The 3-layer system (aka layering)
In most outdoor sports, the principal of the 3-layer system is a good guideline to follow when choosing your clothing. However, in cross-country skiing you usually only wear one layer on the bottom and one or two layers on your upper body.
To find out more about the 3-layer system and how to adapt it to your outdoor sports activities, check out our article: How to properly dress using the 3-layer system
Cross-country ski clothing: well-dressed from head to toe!
Head: headband or thin beanie
For sunny days or intense workouts, wear a simple, lightweight headband.
A light beanie can add more warmth if you need it. Forget your big wool beanie because it will be too hot!
Some skiers also wear a thin neck gaiter to protect them from the cold.
Upper body: jacket and base layer
Against your skin, wear a lightweight, breathable base layer to wick away sweat.
If you feel the need, or feel that you are cold during your workout, add a light cross-country ski jacket that will also protect you from the wind.
If conditions are really cold, you can add a vest or lycra jersey between your base layer and your jacket. An alternative is to wear a heavier jacket as long as it is also breathable.
Having a warm jacket or down jacket ready to go when you finish your session will help you keep from catching cold when you have stopped.
Bottoms: Tights or pants
For high-intensity workouts or when you’re out in mild conditions, wear cross-country ski tights. Winter running tights will also work.
Cross-country ski pants are popular for low-intensity workouts or in cold conditions.
For cruisy days on the track or Nordic backcountry skiing, a softshell-type, cross-country ski pant will generally be the best choice.
Hands: gloves or mittens
- Very thin gloves should be used for high-intensity training or for warm conditions. Running gloves can also be used.
- Thicker gloves are better for cold conditions or for less intense workouts.
- A pair of mittens or 3-finger mitts are preferable in winter conditions or if you are sensitive to the cold.
Feet: warm socks, thin socks
In cross-country skiing, thin socks often reaching to mid-calf, are the most comfortable and the most popular. Knee-length alpine ski socks are generally too warm.
If you have cold feet choose wide boots or loosen your laces a little – even if it means losing a little precision on the skis – to promote blood circulation.
Carrying your stuff when you’re on the track: wear a belt
We recommend carrying your water, a little bit of food and your personal items in a cross-country ski belt slung across your back where they will be protected from the cold and wind.

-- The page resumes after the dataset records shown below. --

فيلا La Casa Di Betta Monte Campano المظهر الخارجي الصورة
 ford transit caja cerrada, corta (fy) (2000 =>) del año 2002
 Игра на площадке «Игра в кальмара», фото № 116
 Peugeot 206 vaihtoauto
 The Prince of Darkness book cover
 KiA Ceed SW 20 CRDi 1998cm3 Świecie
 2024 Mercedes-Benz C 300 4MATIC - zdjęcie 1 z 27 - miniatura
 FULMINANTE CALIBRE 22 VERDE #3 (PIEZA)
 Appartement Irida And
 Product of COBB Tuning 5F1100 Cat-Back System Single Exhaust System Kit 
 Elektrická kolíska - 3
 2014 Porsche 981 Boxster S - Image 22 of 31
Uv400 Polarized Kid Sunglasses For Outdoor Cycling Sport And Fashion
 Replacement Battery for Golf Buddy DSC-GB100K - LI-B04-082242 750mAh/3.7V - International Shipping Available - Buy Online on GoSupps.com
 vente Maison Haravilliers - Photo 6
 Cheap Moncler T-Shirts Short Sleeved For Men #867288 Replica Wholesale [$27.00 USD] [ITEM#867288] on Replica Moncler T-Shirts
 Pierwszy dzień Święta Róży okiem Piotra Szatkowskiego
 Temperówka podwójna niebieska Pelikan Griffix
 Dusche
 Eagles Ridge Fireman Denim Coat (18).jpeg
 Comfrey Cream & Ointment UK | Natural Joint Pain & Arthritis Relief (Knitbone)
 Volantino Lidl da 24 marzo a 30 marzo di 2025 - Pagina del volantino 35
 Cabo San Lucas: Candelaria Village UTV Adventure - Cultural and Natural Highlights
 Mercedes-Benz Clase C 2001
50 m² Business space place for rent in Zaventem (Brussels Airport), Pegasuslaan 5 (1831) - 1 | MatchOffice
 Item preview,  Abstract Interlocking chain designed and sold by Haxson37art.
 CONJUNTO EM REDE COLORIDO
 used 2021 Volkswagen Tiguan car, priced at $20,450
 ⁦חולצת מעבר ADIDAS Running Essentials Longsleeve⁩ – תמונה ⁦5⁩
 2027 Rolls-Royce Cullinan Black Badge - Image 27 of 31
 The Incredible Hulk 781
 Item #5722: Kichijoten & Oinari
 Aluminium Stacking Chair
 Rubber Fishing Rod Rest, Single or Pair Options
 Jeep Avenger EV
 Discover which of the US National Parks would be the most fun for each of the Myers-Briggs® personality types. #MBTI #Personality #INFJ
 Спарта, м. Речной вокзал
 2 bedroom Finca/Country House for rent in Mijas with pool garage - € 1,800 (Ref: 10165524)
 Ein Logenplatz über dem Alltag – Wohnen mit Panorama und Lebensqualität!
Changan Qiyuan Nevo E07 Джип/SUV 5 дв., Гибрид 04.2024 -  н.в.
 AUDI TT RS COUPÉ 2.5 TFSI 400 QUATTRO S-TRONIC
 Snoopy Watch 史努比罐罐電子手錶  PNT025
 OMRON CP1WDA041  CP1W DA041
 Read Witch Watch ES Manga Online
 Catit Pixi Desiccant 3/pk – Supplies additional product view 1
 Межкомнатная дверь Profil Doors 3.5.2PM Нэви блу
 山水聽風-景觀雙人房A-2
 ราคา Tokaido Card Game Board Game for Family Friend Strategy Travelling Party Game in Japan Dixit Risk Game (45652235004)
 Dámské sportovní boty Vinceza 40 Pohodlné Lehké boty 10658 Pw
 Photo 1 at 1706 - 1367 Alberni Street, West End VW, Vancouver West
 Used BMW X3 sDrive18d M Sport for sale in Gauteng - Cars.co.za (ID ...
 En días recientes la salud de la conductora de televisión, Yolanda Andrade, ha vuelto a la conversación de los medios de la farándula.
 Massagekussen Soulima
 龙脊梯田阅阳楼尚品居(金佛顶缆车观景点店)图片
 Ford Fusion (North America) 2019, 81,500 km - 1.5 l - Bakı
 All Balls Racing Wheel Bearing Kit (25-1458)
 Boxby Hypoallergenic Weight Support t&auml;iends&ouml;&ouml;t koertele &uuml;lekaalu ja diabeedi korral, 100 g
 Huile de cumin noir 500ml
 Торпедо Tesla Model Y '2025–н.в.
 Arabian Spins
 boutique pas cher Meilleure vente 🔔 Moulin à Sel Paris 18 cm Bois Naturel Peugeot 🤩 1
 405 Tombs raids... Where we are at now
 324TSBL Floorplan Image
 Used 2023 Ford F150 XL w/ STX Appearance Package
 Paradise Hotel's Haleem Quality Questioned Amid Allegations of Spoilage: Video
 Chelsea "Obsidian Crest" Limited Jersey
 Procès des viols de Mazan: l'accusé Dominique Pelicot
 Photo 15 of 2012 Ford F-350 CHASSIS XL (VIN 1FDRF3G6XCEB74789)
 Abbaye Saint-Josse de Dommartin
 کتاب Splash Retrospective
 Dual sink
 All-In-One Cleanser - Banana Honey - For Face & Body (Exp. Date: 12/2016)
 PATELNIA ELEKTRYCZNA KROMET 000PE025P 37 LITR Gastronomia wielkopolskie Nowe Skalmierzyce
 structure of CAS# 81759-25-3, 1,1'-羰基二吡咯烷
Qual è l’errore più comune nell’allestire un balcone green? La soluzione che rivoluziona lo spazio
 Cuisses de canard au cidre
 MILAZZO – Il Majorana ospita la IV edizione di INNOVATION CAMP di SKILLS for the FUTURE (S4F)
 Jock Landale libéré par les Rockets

A backpack hinders the movement of your arms every time you push on your ski poles and quickly becomes uncomfortable. Trail running vests usually don’t work too well either because the flasks on your shoulder straps leaves your water exposed and allows it to freeze.
To summarize, don’t overdress for cross-country skiing even if it means you’ll feel a little cold in the beginning. This will prevent you from having to take off and carry any layers you don’t need. And if you still feel cold after your first warm-up lap, don’t panic! It’s very easy to bail in cross-country skiing so there’s nothing to prevent you from going to the car to get an extra layer!